現代オイルバンク、水素自動車用燃料電池事業へ進出



現代オイルバンク(代表カン・ダルホ/写真)は自動車用水素燃料電池の分離膜事業に進出し、水素生態系の拡大に乗り出す。

現代オイルバンクはブルー水素を生産し燃料として供給する分野と、自動車用水素燃料電池事業と呼ばれるまた別の軸に水素バリューチェーンを拡大するものだ。さらに現代オイルバンクは最近、忠清南道の大山工場で水素自動車用燃料として使われる高純度水素の生産を開始した。国内精油会社の中で水素自動車用の高純度水素を製造するのは、現代オイルバンクが初めてだ。業界では「脱炭素」ビジネスのスピードを出す現代オイルバンクが、水素生態系の外縁拡大に積極的に乗り出しているという解釈が出ている。
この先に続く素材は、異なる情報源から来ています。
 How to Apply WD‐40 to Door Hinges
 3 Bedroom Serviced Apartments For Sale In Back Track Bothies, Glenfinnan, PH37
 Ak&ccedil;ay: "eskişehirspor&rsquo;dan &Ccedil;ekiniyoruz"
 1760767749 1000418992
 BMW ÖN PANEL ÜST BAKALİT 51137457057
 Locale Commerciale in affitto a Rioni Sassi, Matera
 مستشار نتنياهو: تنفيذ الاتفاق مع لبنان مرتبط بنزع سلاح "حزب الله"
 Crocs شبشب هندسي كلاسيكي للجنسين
現代オイルバンクは26日、年内に水素燃料電池分離膜の生産設備を構築すると明らかにした。分離膜事業は現代オイルバンクが自動車用水素燃料電池部門の水素バリューチェーンの最初の段階に進入するものと見ることができる。現代オイルバンクは年内に分離膜の生産設備の構築を開始して、電解質膜と単位セルなどに水素燃料電池事業を拡大する予定だ。今後は自動車用水素燃料電池事業だけでなく、建築物や重装備用燃料電池事業にも進出する計画だ。

現代オイルバンクは昨年から中央技術研究院を中心に、自動車用水素燃料電池関連の研究に突入した。今年の初めには事業への進出を確定し、最初のステップとして分離膜の生産設備構築に乗り出すわけだ。分離膜は燃料電池システムの出力向上と耐久性などを左右する素材だ。現代オイルバンクは年内に分離膜の生産設備構築と試運転を終え、来年の国内自動車メーカーとの実証試験を経て、2023年に製品を量産するという目標だ。続いて来年からは電解質膜事業など、水素燃料電池事業を順次拡大する。
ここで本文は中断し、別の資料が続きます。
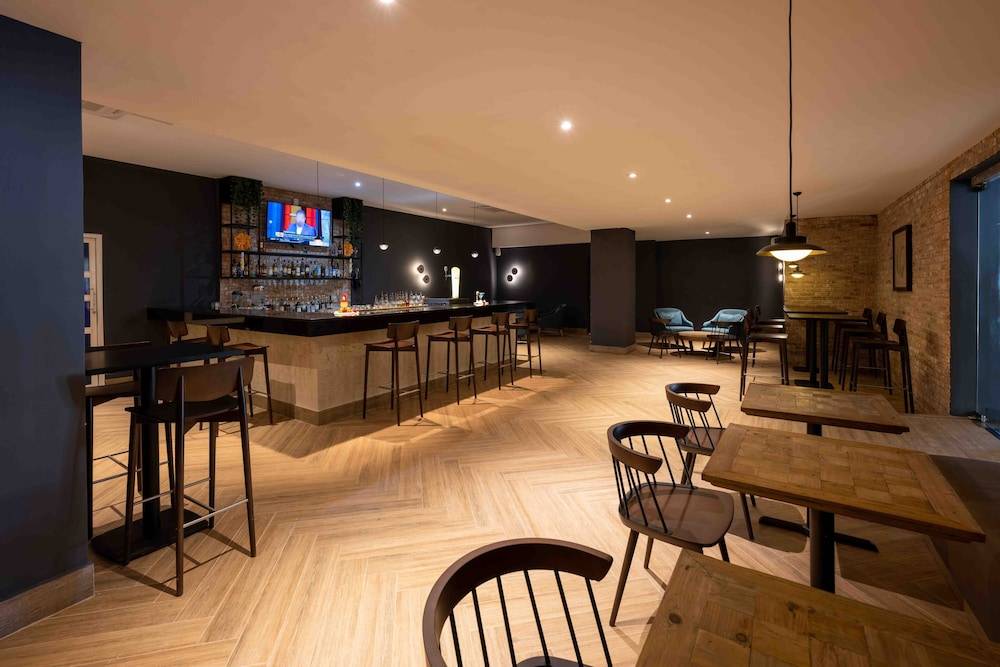 Coral Costa Caribe Beach Resort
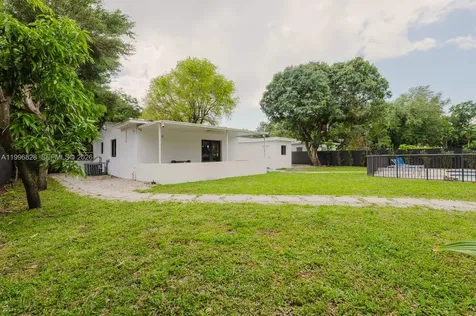 13236 NE 4th Avenue North Miami FL 33161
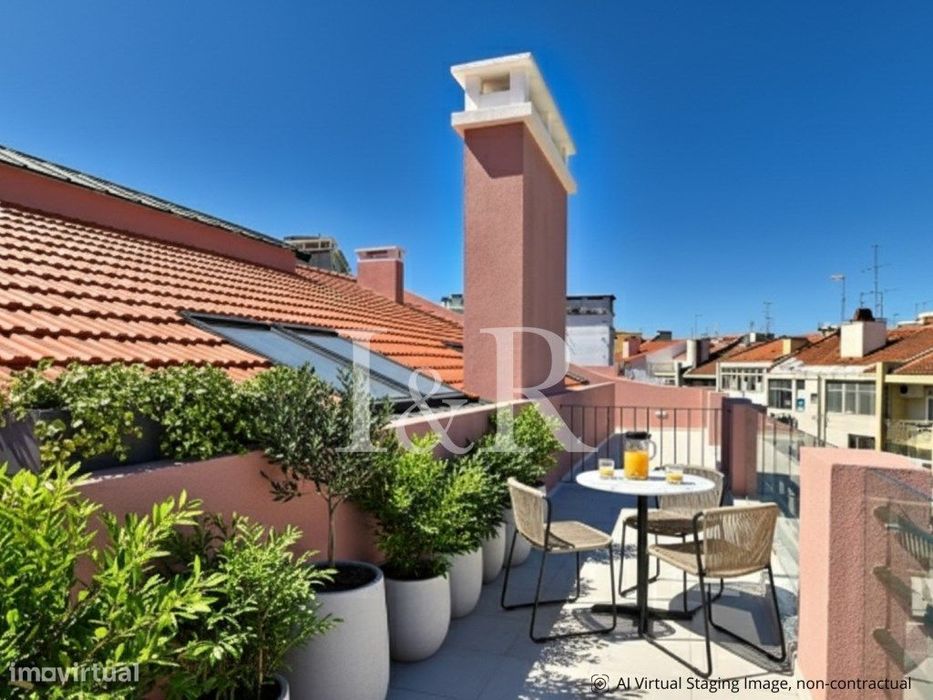 Apartamento T0 com terraço, em Arroios, Lisboa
現代オイルバンクは2030年に水素燃料電池の分野でのみで年間売上げ5000億ウォンと営業利益1000億ウォン以上を目標にしている。

最近、韓国輸出入銀行が出した「燃料電池の概要と現状」報告書によると、世界の水素燃料電池市場は毎年30%以上成長し、2030年には50兆ウォン規模になる見通しだ。水素燃料電池の数で言えば、約300万台に相当する市場規模だ。現代オイルバンクは世界市場で10%のシェアを占めるという目標だ。

現在、国内の水素燃料電池技術は世界的なレベルとして評価されているが、電解質膜などの主要部品は輸入依存度が高い方であることから国産化も緊急の課題だ。

現代オイルバンクは水素自動車用の高純度水素燃料市場も先取りする計画だ。現代オイルバンクはこれまで独自に生産した年間20万トンの水素を精油工程の稼働に活用した。これを水素自動車用燃料として使用するには、純度を99.999%にまで高めなければならない。現代オイルバンクが生産する高純度水素は一日で最大3000キログラムであり、現代自動車製ネッソ(NEXO)600台を充填させることができる量だ。

現代オイルバンクの水素生態系の拡大は、現代重工業グループの水素事業と足並みをそろえた。現代重工業グループは今年の初め、水素生産から輸送・保管・活用に至る水素バリューチェーンを構築するという「水素ドリーム2030ロードマップ」を発表した。

カン・ダルホ現代オイルバンク代表は「最近は太陽光パネルの素材生産、温室効果ガスの資源化、バイオジェット燃料などの親環境事業を相次いで推進している」とし、「今後もブルー水素やホワイトバイオ、親環境素材の3大未来ビジネスへの投資を拡大する」と語った。